RELR compressed relocations: Android pioneered RELR (Relative Relocation) sections — a bitmap encoding of R_AARCH64_RELATIVE relocations that achieves 10-100x compression over RELA. A typical Android shared library has thousands of RELATIVE relocations (one per global pointer in PIC code); RELR reduces their storage from 24 bytes each to ~0.5 bytes each.
Namespace isolation: Android's linker supports "linker namespaces" — each app gets a private view of which shared libraries it can see. This is implemented at the linker level (not the kernel level) by maintaining per-namespace symbol lookup tables, preventing one app's libraries from interfering with another's.
TEXTREL enforcement: Android enforces that no shared library has text relocations (TEXTREL flag in ELF dynamic section). If your .so requires patching .text at load time, it won't load on Android. This ensures .text is truly read-only and can be shared across all processes mapping the same library — essential when RAM is precious.

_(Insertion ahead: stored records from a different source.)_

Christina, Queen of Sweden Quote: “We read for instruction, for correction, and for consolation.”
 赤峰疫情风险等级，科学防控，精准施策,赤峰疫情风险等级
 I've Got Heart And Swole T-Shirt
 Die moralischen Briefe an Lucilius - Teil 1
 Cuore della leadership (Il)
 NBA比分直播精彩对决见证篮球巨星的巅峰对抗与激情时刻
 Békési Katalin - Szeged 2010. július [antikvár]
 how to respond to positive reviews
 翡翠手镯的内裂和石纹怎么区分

Key lesson: The "standard" glibc linker behavior isn't the only option. Android's choices show how ELF linking mechanisms can be reconfigured for different performance/security trade-offs on the same ARM64 ISA.

HistoryEvolution

From a.out to ELF: The Binary Format Wars

The ELF format we use today wasn't always the standard:

1975 — a.out: Unix V6's original binary format. No shared libraries, no relocations, fixed load address. The binary was literally a memory dump with a tiny header.
1988 — COFF: Added section tables and relocations but still awkward for shared libraries. Used on early Windows (PE/COFF is a derivative).
1995 — ELF standardization: SVR4 Unix adopted ELF (Executable and Linkable Format). Its dual-view design (sections for linkers, segments for loaders) made position-independent shared libraries practical. Linux adopted ELF in 1995 (kernel 1.x); it became the universal standard for ARM, x86, MIPS, RISC-V.
2017 — RELR: Google engineers added RELR to the ELF spec (SHT_RELR), dramatically compressing the most common relocation type. Adopted in Android, ChromeOS, and later glibc 2.36.

Hands-On Exercises

Exercise 1Beginner

ELF Dissection Challenge

Using any AArch64 Linux system (or cross-tools on x86):

Compile a simple "Hello, World" as both static and dynamic: aarch64-linux-gnu-gcc -static -o hello_static hello.c and aarch64-linux-gnu-gcc -o hello_dynamic hello.c
Compare sizes: ls -la hello_static hello_dynamic (static is typically 10-100x larger)
Count sections: readelf -S hello_static | wc -l vs readelf -S hello_dynamic | wc -l
Count relocations: readelf -r hello_dynamic | wc -l — the dynamic binary should have RELA entries; the static binary should have zero
Find the entry point: readelf -h hello_dynamic | grep Entry — is it _start or main?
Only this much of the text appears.